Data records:
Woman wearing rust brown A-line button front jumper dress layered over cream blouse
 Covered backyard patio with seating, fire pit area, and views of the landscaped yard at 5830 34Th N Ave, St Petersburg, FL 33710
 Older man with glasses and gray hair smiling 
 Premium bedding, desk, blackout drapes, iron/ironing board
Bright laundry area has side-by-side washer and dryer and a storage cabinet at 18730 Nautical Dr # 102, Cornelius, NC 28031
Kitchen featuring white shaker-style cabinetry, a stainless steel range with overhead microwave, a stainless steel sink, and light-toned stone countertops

== PROMPT ==
No line before the one with "Premium bedding, desk, blackout" belongs in the answer; copy that line and the rest of the records exactly.

== RESPONSE AREA ==
 Premium bedding, desk, blackout drapes, iron/ironing board
Bright laundry area has side-by-side washer and dryer and a storage cabinet at 18730 Nautical Dr # 102, Cornelius, NC 28031
Kitchen featuring white shaker-style cabinetry, a stainless steel range with overhead microwave, a stainless steel sink, and light-toned stone countertops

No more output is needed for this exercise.